Max Horkheimer, Théorie traditionnelle l’École de Francfort PDF théorie critique, trad. Claude Maillard et Sybille Muller, Gallimard, 1974. Marie-Christine Granjon, Penser avec Michel Foucault : théorie critique et pratiques politiques, Karthala, 2005.


Au carrefour de la philosophie et de la sociologie, de la théorie de la culture, de l’esthétique et de la philosophie de l’histoire, l’École de Francfort est un élément majeur de la pensée contemporaine. Ce bilan de ses activités aide à penser la condition du « sujet » au seuil du nouveau siècle.

Jan Spurk, Critique de la raison sociale : l’École de Francfort et sa théorie de la société, Presses Université Laval, 2001. Jean Marie Vincent, La théorie critique de l’école de Francfort, Éditions Galilée, 1976. Axel Honneth, La société du mépris. Fred Poché, Le temps des oubliés, Lyon, Chronique Sociale, 2014. Françoise Bouillot, préface de Marc Abèlès, Paris, Payot, 2005. Rechercher les pages comportant ce texte. La dernière modification de cette page a été faite le 8 février 2019 à 06:01.

Jürgen Habermas en arrière-plan, à droite, en 1965 à Heidelberg. Institut à partir de 1930, son collègue Theodor W. L’arrivée d’Hitler au pouvoir contraint l’Institut à fermer ses portes, et ses membres, dispersés, à l’exil. L’appellation  École de Francfort  apparaît au cours des années 1950. Comme toute étiquette, et à l’instar, par exemple, du structuralisme, elle pose question : à la suite de l’exil induit par le nazisme, certaines de ses figures principales se sont installées hors de l’espace géographique allemand. D’autre part, elle prétend s’appliquer rétroactivement à la fondation même de l’Institut de recherche sociale.
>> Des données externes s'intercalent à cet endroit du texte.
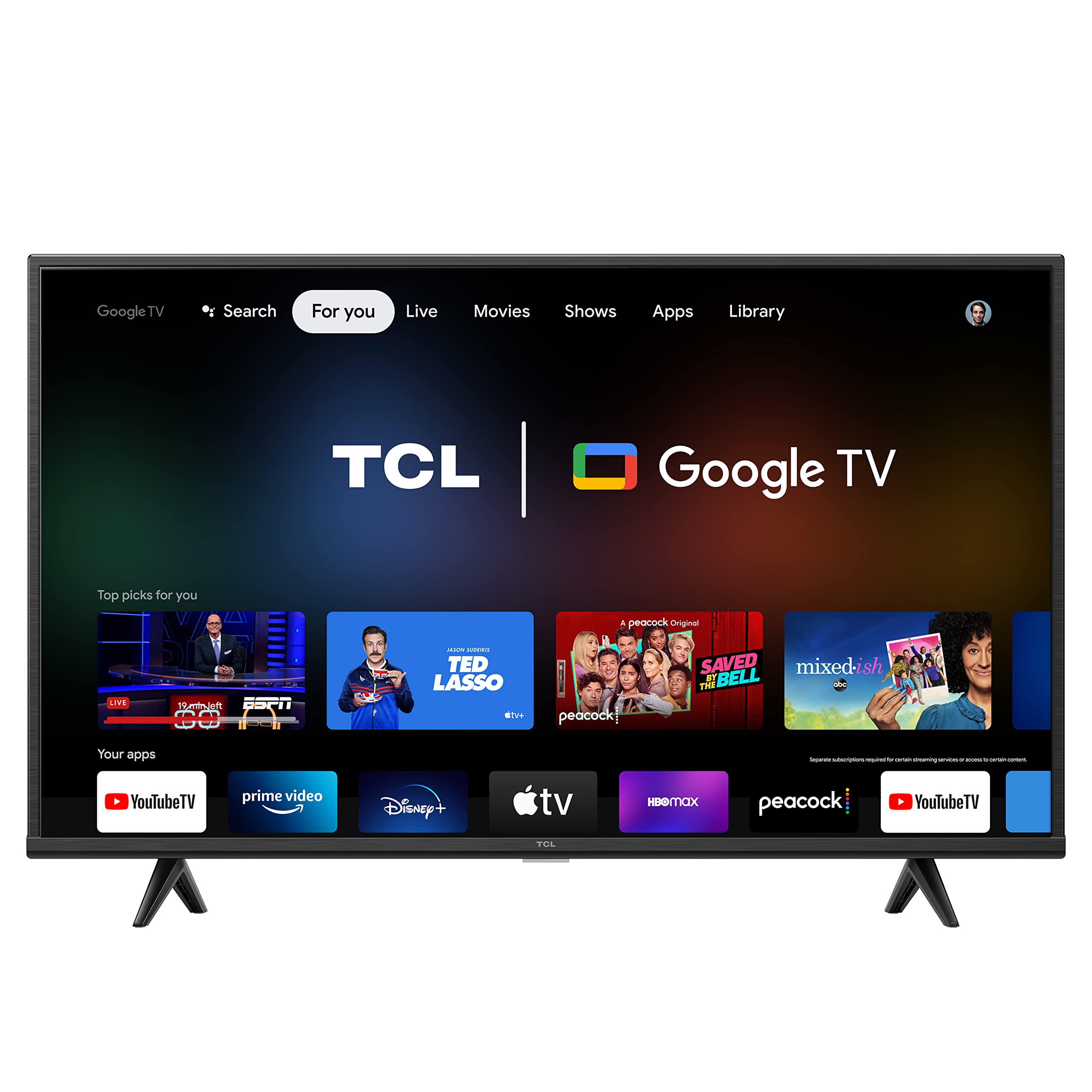 TCL 43" Class 4-Series 4K UHD HDR Smart Google TV – 43S446, 2022 Model (Renewed)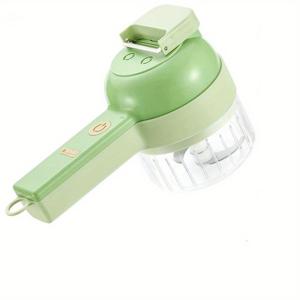 TEMU 1pc USB 충전식 미니 전기 채소 다지기 및 슬라이싱 - 휴대용 스테인레스 스틸 블레이드, 반자동, 콩, 마늘, 고기 등에 적합한 컴팩트한 디자인 - 빠른 식사 준비를 위한 주방 가제트, 채소 슬라이싱 및 다지기, 마늘 슬라이싱, 현대 주방 용품, 내구성 있는 플라스틱 바디|마늘다지기|야채다지기|전동채칼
Or, ce corpus théorique antérieur à la guerre a beaucoup contribué à définir l’identité de l’école de Francfort. Ses grandes lignes auraient été fixées par Horkheimer au début des années 1930. Le principe d’une théorie critique, élaborée par contraste à une théorie traditionnelle. Inspirées de la dialectique marxiste, les analyses développées doivent être capables d’un retour réflexif sur elles-mêmes. Le rejet d’un dogme au profit d’une constellation de postures distinctes. L’acceptation, voire la promotion de cette diversité a entraîné certains malentendus. L’apparente discontinuité entre Adorno, Habermas et Honneth a souvent été interprétée comme autant de ruptures.

La notion d’École de Francfort émerge progressivement au cours de la décennie 1920. Plusieurs trajectoires intellectuelles convergent sous la pression d’un cadre historique et idéologique commun. Articles détaillés : Marxisme, Communisme, Mouvement ouvrier, Histoire de l’Allemagne et Première Guerre mondiale. Au début des années 1920, le marxisme allemand connaît le paroxysme d’une crise durable, qui se traduit concrètement par une importante émulation conceptuelle :  Le marxisme allemand des années 1920 n’a rien d’un monolithe. Les racines de cette crise sont anciennes. On situe conventionnellement son point de départ trente ans plus tôt, aux alentours de l’année 1895. Le décès de Friedrich Engels remet en cause l’unité philosophique et politique du marxisme.

Son successeur naturel, Karl Kautsky, ne parvient pas à imposer une autorité comparable. Son influence est limitée au Parti social-démocrate d’Allemagne. C’est également au cours de l’année 1895 que Eduard Bernstein commence à se détacher du Marxisme orthodoxe qu’il a lui-même contribué à créer. Mais exilé depuis 1889 en Angleterre, Bernstein est sensible aux évolutions récentes du système capitaliste et de la classe ouvrière dans ce pays.

Bernstein remet alors en cause l’optique révolutionnaire du mouvement ouvrier. Les déductions du Capital ne sont valides que pour la période 1850-1880. Il n’est plus possible, dès lors, de prétendre que la révolution est imminente. Néanmoins, il ne parvient pas à convaincre le SPD. C’est qu’il remet en cause toute la stratégie électorale du parti, qui a su s’imposer auprès de la classe ouvrière en affirmant l’imminence d’une révolution sociale.